Images in the data are to be skipped, while every line is restated exactly as written.

Data.
--
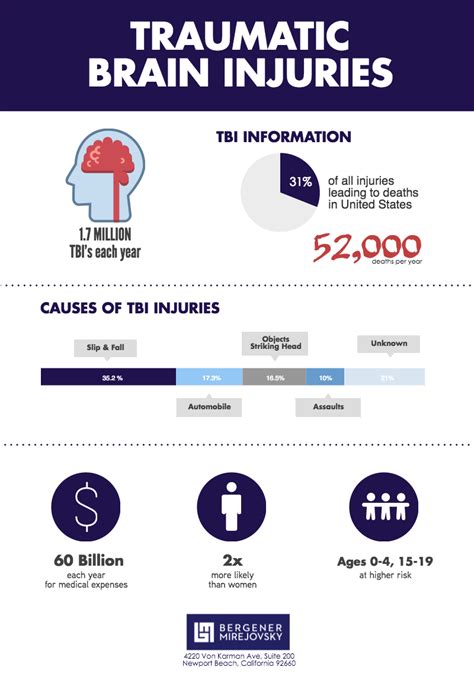 Pin on Personal Injury Resources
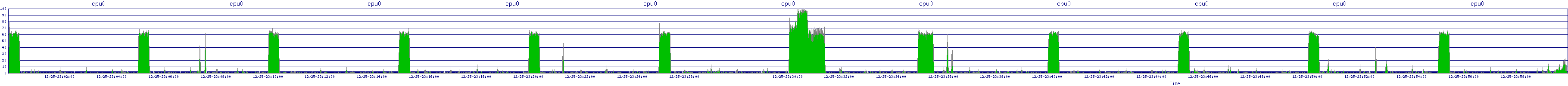 /2025/12/25/23/cpu0.png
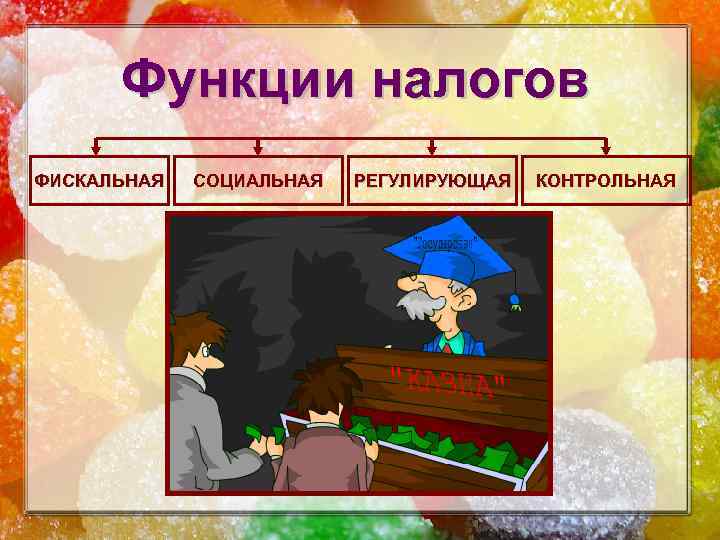 Функции налогов ФИСКАЛЬНАЯ СОЦИАЛЬНАЯ РЕГУЛИРУЮЩАЯ КОНТРОЛЬНАЯ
--
Reply to the exercise.
 Pin on Personal Injury Resources
 /2025/12/25/23/cpu0.png
 Функции налогов ФИСКАЛЬНАЯ СОЦИАЛЬНАЯ РЕГУЛИРУЮЩАЯ КОНТРОЛЬНАЯ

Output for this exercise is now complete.